Quase duzentos Fábios, Júlios e Marias morreram ontem à noite no pior acidente aéreo da América Latina. Ao tentar pousar no aeroporto de Congonhas, um avião da TAM derrapou na pista molhada, passou em um vôo rasante sobre os carros que estavam na avenida Washington Luís e acabou explodindo ao se chocar contra um prédio da própria TAM e um posto de gasolina. Testemunhas contam que primeiro ouviram um estrondo. Depois, viram um clarão e uma gigantesca bola de fogo.
No caos do trabalho de resgate, policiais disseram ao jornal O Estado de São Paulo ter encontrado os corpos de uma mãe e uma criança carbonizados dentro de um carro que estava no posto de gasolina atingido pelo avião. As duas morreram abraçadas.
O jornal A Folha de São Paulo relata o tragédia de uma funcionária da TAM que se jogou da janela do prédio atingido pelo avião. Ela morreu na queda. Todas as TVs mostraram o despreparo da companhia em lidar com as famílias das vítimas em Porto Alegre.
Dramas como o de ontem exigem o melhor (e, muitas vezes, exibem o pior) da imprensa. Quem eram as vítimas? Como e por que o acidente aconteceu? E pode acontecer de novo? são perguntas naturais impossíveis de serem respondidas de imediato. Mas os jornais de hoje revelam várias possibilidades. Todos as TVs, sites, rádios e jornais lembram que a pista principal do aeroporto de Congonhas estava funcionando sem as ranhuras transversais - chamadas de grooving - necessárias para o escoamento de água. Sem o grooving, o piso poderia empoçar e causar aquaplanagem. Foi essa falha que, provavelmente, causou a derrapagem de avião da Pantanal anteontem, na mesma pista em que ocorreu o acidente da TAM. Pilotos contaram ao jornal O Globo que em Congonhas sob chuva os pneus surfam na água e o freio não consegue atrito.
A Folha de São Paulo denuncia que os controladores de tráfego aéreo da torre de Congonhas disseram ter pedido o fechamento da pista principal durante as chuvas. Oficiais da Força Aérea e autoridades da Infraero negaram o pedido por entender que não havia perigo.
“O acidente foi uma tragédia anunciada”, afirmou Carlos Camacho, diretor de Segurança de Vôo do Sindicato Nacional dos Aeronautas ao jornal, Jornal do Brasil.
Três pilotos ouvidos pelo O Estado de São Paulo, afirmaram que um dos reversos do avião da TAM estaria "pinado". O termo, eles explicam, significa que a peça teria um pino para travar o freios.

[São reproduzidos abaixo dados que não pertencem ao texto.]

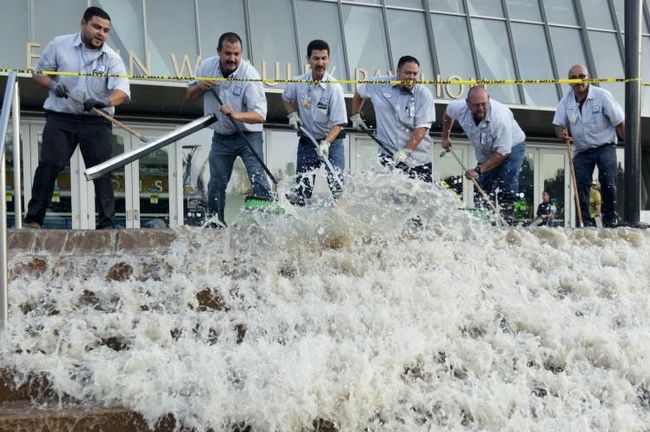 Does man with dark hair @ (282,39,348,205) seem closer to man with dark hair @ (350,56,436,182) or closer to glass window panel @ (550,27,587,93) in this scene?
man with dark hair @ (350,56,436,182)

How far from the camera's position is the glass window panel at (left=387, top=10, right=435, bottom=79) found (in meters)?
12.0

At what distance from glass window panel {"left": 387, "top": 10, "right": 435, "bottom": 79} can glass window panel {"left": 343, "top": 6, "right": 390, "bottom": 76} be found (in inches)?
7.6

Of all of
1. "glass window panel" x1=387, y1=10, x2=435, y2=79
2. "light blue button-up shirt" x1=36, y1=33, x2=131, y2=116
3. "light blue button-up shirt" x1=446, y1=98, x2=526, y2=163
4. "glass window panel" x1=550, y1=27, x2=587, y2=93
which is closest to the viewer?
"light blue button-up shirt" x1=36, y1=33, x2=131, y2=116

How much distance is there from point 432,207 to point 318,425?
2654 mm

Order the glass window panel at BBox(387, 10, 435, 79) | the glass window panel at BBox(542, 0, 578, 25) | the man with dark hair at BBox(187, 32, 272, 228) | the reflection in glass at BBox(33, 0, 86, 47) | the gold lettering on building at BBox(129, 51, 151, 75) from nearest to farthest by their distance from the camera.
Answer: the man with dark hair at BBox(187, 32, 272, 228) < the reflection in glass at BBox(33, 0, 86, 47) < the gold lettering on building at BBox(129, 51, 151, 75) < the glass window panel at BBox(387, 10, 435, 79) < the glass window panel at BBox(542, 0, 578, 25)

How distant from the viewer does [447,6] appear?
12.7 metres

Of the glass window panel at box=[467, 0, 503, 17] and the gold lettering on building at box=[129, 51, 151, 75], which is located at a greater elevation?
the glass window panel at box=[467, 0, 503, 17]

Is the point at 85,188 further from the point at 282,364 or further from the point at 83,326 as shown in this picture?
the point at 282,364

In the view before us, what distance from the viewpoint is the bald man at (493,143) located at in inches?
246

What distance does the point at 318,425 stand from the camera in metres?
2.42

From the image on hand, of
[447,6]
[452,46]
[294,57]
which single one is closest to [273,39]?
[294,57]

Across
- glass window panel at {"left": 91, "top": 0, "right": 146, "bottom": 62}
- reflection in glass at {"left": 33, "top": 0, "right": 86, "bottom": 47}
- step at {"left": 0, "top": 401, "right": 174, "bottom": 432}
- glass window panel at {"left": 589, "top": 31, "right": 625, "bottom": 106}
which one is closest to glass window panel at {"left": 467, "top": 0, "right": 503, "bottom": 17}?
glass window panel at {"left": 589, "top": 31, "right": 625, "bottom": 106}

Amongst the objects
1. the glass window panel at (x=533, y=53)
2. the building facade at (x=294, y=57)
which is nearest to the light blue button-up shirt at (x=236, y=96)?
the building facade at (x=294, y=57)

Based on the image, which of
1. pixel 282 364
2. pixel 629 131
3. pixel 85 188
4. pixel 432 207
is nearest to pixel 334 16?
pixel 85 188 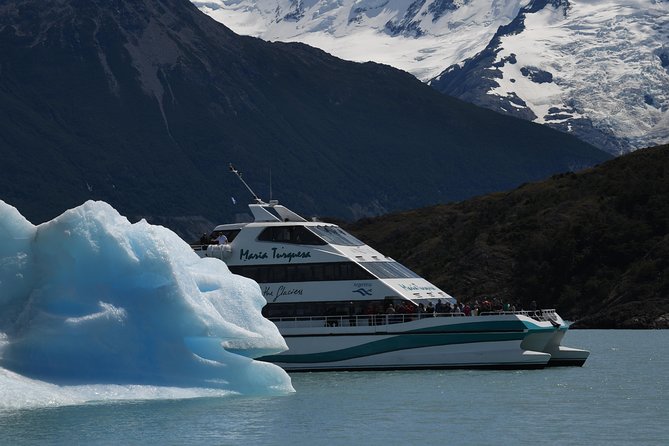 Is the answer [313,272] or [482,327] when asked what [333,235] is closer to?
[313,272]

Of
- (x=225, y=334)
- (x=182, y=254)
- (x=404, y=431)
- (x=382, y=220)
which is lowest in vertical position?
(x=404, y=431)

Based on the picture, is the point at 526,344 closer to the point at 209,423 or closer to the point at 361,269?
the point at 361,269

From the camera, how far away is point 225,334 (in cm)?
3666

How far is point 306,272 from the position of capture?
50.2 metres

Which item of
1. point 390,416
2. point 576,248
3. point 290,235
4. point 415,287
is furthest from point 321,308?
point 576,248

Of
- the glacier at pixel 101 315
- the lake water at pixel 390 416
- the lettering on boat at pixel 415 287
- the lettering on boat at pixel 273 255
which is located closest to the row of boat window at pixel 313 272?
the lettering on boat at pixel 273 255

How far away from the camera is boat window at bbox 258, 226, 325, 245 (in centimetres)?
5044

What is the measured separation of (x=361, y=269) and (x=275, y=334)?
11.8m

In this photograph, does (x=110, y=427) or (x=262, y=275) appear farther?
(x=262, y=275)

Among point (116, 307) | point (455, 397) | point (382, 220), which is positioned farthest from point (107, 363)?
point (382, 220)

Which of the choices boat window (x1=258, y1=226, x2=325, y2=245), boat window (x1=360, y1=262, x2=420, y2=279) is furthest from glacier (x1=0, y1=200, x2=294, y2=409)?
boat window (x1=360, y1=262, x2=420, y2=279)

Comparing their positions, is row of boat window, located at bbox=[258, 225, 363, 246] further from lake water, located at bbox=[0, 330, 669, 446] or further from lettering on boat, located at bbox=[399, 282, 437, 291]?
lake water, located at bbox=[0, 330, 669, 446]

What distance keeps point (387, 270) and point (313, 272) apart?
2688 mm

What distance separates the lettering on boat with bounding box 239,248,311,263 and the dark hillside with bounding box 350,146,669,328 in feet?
158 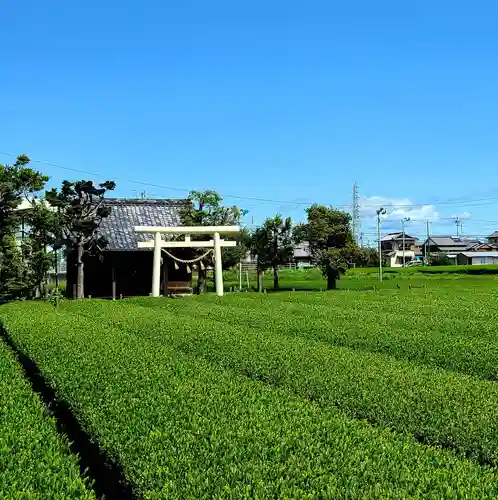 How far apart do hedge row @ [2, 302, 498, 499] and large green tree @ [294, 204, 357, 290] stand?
2441 cm

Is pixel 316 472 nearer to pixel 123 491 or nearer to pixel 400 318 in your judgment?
pixel 123 491

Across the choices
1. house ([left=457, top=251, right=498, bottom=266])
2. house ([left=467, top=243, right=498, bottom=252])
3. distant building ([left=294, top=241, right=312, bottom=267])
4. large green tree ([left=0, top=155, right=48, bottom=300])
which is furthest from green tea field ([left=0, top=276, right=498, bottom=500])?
house ([left=467, top=243, right=498, bottom=252])

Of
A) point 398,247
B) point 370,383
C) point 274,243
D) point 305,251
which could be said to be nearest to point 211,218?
point 274,243

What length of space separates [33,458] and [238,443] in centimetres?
183

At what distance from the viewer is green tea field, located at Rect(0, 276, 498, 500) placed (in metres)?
4.93

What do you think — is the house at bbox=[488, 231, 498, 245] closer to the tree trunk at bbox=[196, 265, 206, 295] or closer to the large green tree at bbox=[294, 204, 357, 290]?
the large green tree at bbox=[294, 204, 357, 290]

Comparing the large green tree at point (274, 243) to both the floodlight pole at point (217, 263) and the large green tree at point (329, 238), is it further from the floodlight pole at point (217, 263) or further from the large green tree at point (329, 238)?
the floodlight pole at point (217, 263)

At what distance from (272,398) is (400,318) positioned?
10416 millimetres

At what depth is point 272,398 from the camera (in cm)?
747

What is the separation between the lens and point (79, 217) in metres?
26.6

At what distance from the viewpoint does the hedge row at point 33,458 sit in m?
4.87

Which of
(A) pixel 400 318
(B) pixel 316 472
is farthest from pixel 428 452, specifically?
(A) pixel 400 318

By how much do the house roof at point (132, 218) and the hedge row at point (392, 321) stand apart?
15.8 feet

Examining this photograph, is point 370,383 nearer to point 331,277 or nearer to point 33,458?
point 33,458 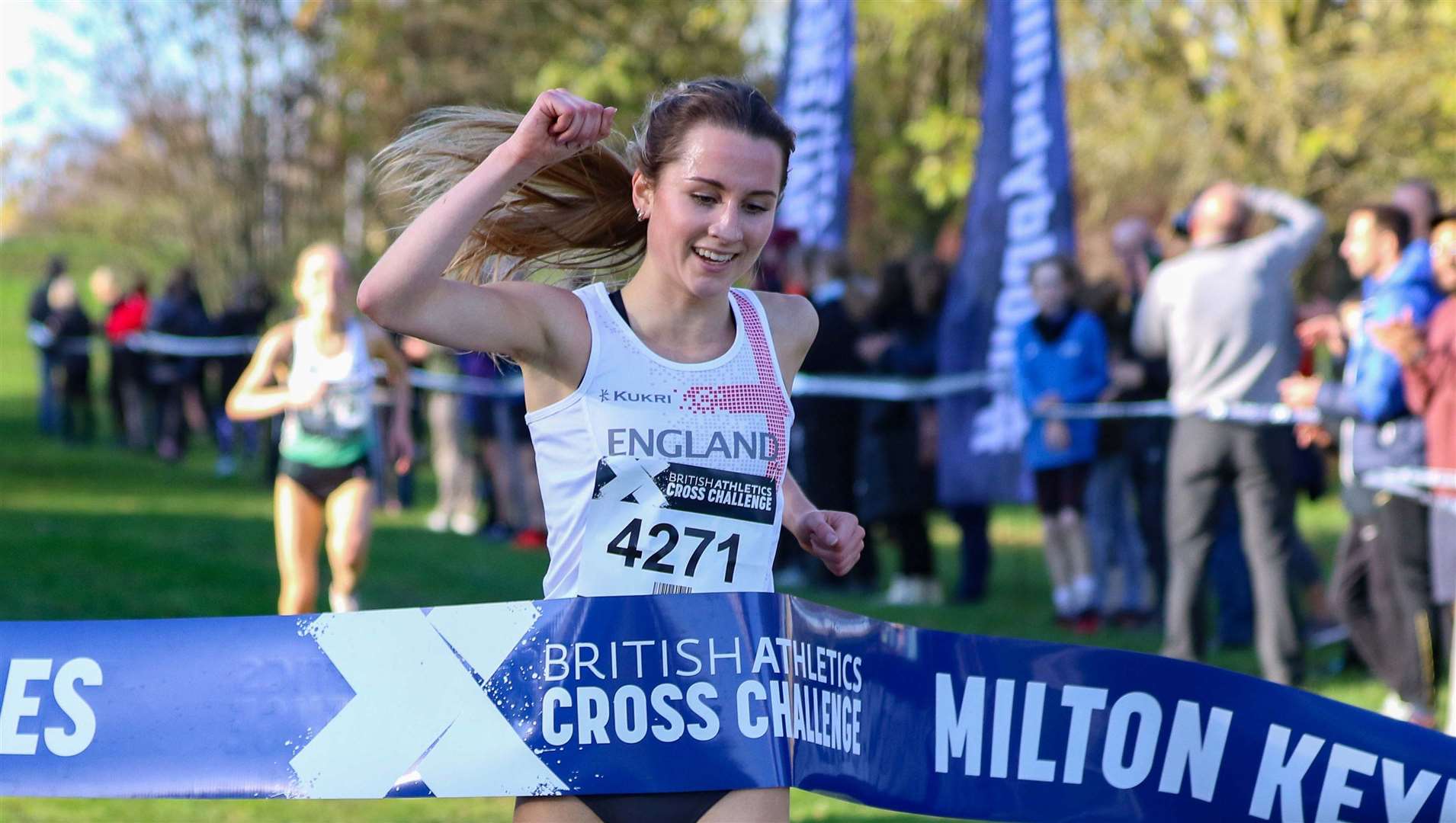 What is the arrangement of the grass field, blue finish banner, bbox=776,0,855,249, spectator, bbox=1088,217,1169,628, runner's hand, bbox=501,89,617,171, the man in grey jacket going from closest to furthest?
runner's hand, bbox=501,89,617,171, the grass field, the man in grey jacket, spectator, bbox=1088,217,1169,628, blue finish banner, bbox=776,0,855,249

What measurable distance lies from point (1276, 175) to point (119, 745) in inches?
671

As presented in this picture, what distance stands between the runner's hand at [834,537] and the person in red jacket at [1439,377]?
14.4 ft

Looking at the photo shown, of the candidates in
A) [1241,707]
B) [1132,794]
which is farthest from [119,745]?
[1241,707]

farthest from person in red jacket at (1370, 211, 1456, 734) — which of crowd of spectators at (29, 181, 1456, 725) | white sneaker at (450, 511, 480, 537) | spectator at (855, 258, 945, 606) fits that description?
white sneaker at (450, 511, 480, 537)

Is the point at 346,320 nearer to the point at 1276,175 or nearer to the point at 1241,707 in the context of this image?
the point at 1241,707

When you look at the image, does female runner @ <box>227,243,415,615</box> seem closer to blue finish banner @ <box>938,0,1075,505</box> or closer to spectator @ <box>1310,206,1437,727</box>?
blue finish banner @ <box>938,0,1075,505</box>

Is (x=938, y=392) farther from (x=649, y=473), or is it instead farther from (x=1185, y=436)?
(x=649, y=473)

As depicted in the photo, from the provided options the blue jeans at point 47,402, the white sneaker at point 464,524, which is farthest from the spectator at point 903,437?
the blue jeans at point 47,402

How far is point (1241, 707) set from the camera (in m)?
3.74

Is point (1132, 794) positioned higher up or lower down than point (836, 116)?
lower down

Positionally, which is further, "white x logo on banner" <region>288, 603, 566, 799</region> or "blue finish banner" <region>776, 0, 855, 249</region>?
"blue finish banner" <region>776, 0, 855, 249</region>

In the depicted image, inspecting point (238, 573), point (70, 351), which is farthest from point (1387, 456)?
point (70, 351)

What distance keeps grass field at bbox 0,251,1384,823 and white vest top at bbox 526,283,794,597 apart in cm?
334

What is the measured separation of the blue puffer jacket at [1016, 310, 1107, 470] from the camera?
11.0 metres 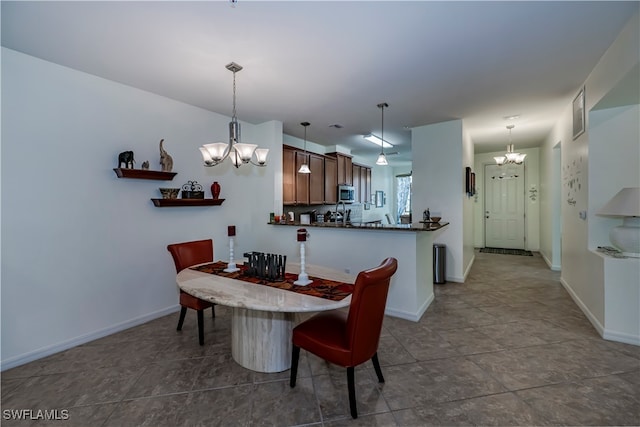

Isso impediria que a aeronave tivesse os freios ativados inesperadamente, como ocorreu na decolagem do Focker 100, em 1996.
Logo após esta tragédia, o presidente Lula organizou um gabinete de emergência com os ministros Waldir Pires (Defesa), Walfrido dos Mares Guia (Relações Institucionais), Dilma Roussef (Casa Civil) e Franklin Martins (Comunicação Social) e determinou que a Polícia Federal investigue as causas do acidente. O jornal O Globo informa que o governo trabalha com a hipótese de que o acidente pode ter sido falha humana. O piloto teria tentado parar e tentou arremeter quando o avião já estava no chão.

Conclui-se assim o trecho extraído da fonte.